Holland v. Information Commissioner & University of East Anglia, First Tier Tribunal, 29 April 2013 – read judgment
In 2009 someone hacked into e-mails belonging to the Climate Research Unit at UEA and leaked them widely. Climate change sceptics whooped with delight because they thought that the e-mails showed attempts to suppress or gerrymander climate data (see e.g. this example from James Delingpole with some of the ticklish e-mails, and for more background, less tendentiously put, my post on an earlier UEA case). And the CRU data was important; it had made its way into the highly influential IPCC reports.
UEA understandably thought that something needed doing in response to the leaks, and commissioned an inquiry, the Independent Climate Change E-mail Review. ICCER reported in 2010: see here for the report and here for a short summary. ICCER concluded that there had not been any systematic manipulation of data, though there had been a lack of openness by CRU in dealing with requests for information.
This recent decision concerns a campaigner’s efforts to get copies of the working papers of the Review. The First Tier Tribunal (as the Information Commissioner before it) refused to order UEA to produce them. UEA did not “hold” them, ICCER did. And ICCER was not a public authority capable of being ordered to produce them.

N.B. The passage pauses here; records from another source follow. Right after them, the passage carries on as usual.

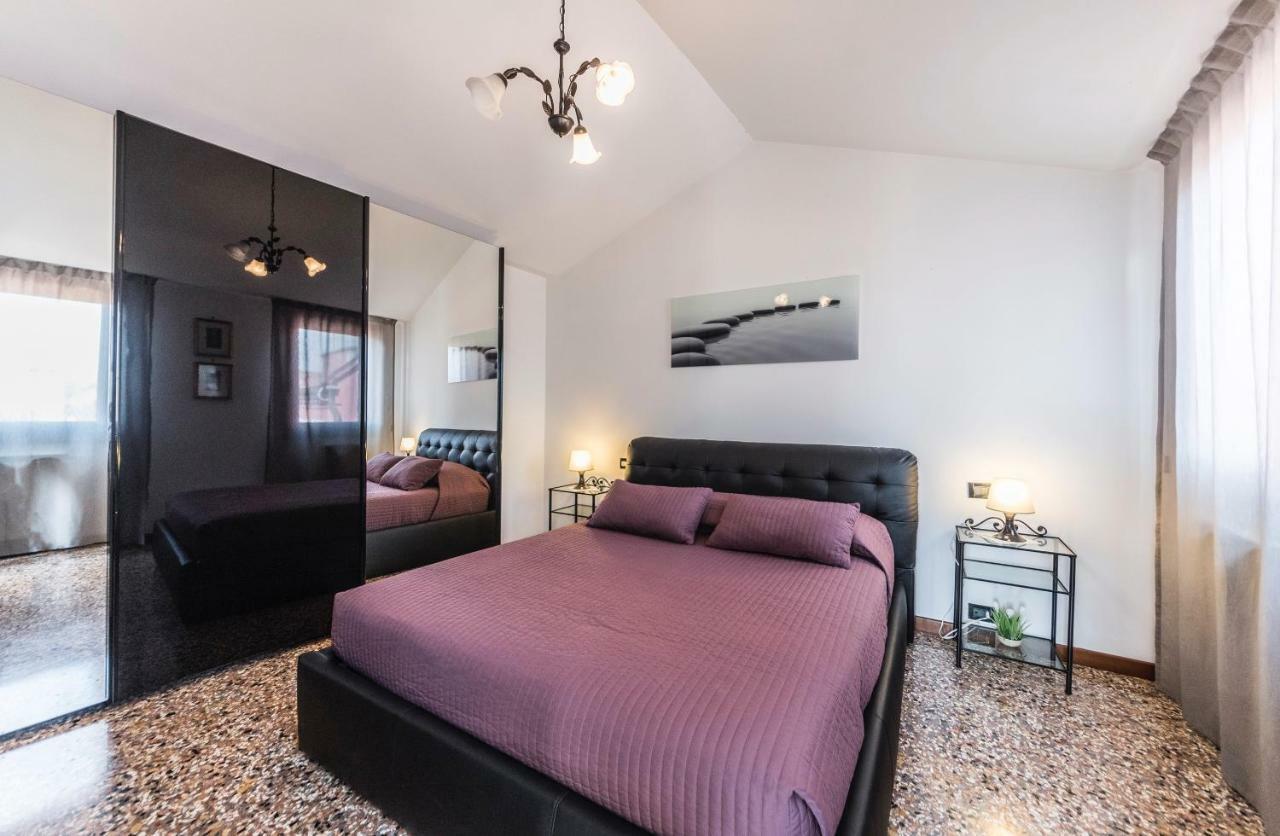 Ca' Delfina Holiday Home Benátky Exteriér fotografie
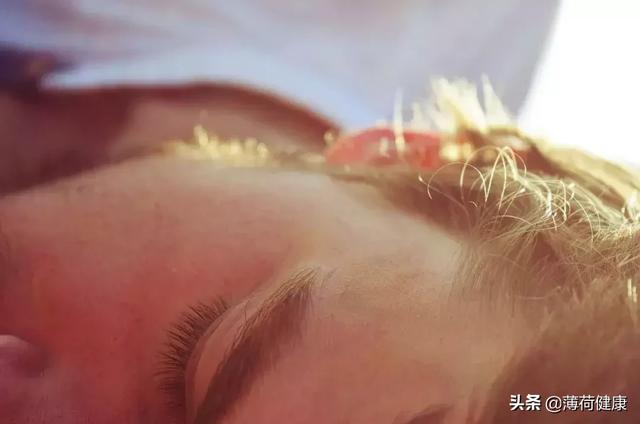 快速助眠方法，快速入睡黑科技：这8个小技巧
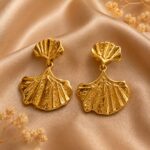 Elegant Golden Shell Dangle Earrings ✨🐚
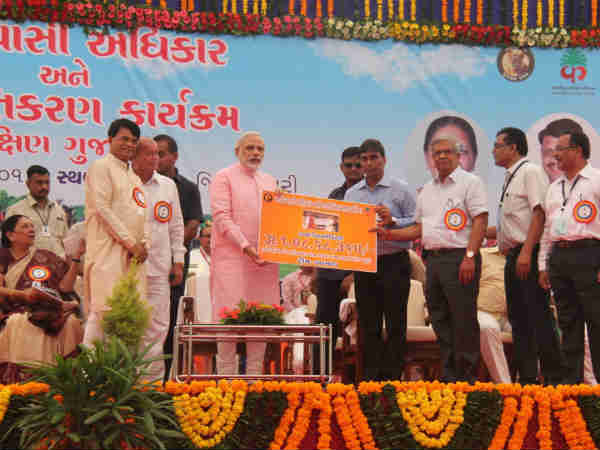મોદીએ કોંગ્રેસના 40 વર્ષોના કાર્યો પર ઉઠાવ્યા સવાલ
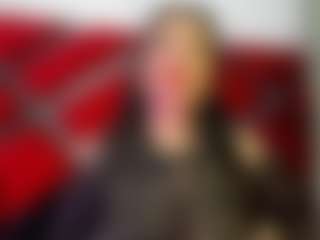 Live cam show with Kendra - Middle Aged on friskycurves.com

This is not the first time, by any means, that the UEA came across the Environment Information Regulations (EIR) – derived from the Aarhus Convention and the EU Directive on public access to environmental information. When the leaks occurred, a lot of requests for further information were put in (105 in 2009 alone) and some of the criticism of UEA in ICCER’s report was about how the UEA responded to these requests. More recently, the Information Commissioner published a ruling telling CRU to release some weather data it had put together from all over the world.
This time, the issue was simple to state, though not so simple to answer. UEA commissioned the Review. The Review held information. But did UEA “hold’ that information?

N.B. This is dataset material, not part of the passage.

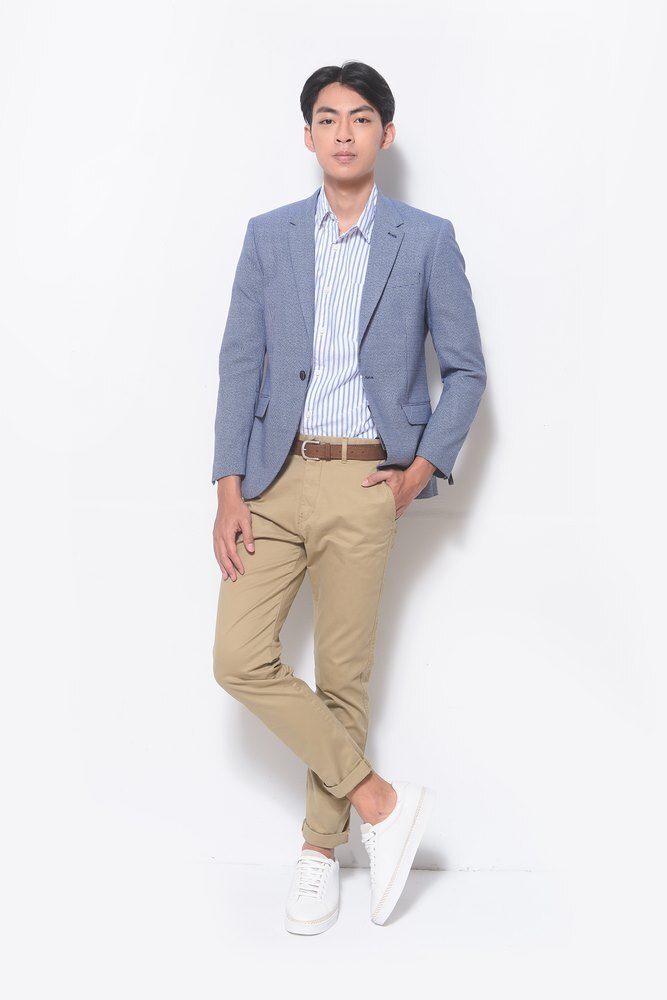 The 13 Best Shoes to Wear with Khaki Pants 2023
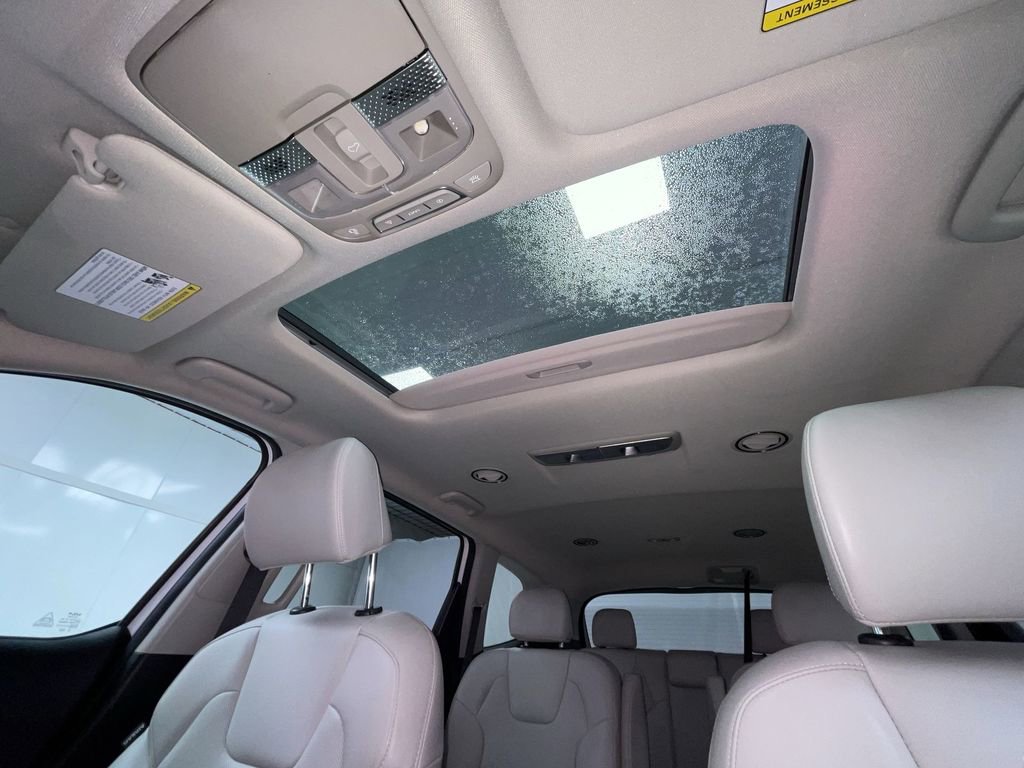 Used 2022 Kia Telluride S image 6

The question is set by reg.3(2) of the EIR: information was held by a public authority if it is in the authority’s possession and has been produced or received by the authority, or is held by another person on behalf of the authority. It matters, of course, because if ICCER held it on its (ICCER’s) own behalf, UEA could not be ordered to release it up to third party requests.
There is a certain amount of learning on this test, helpfully set out at - of the ruling. The test is not whether the public authority controls or possesses or owns the information in question, simply whether it “holds” it – an ordinary English word.
The appellant’s case was pretty uncompromising:
the ICCER was a sham, and that it was always under the control of the UEA, and that it was set up to exculpate its scientists of any criminal offences and protect its reputation.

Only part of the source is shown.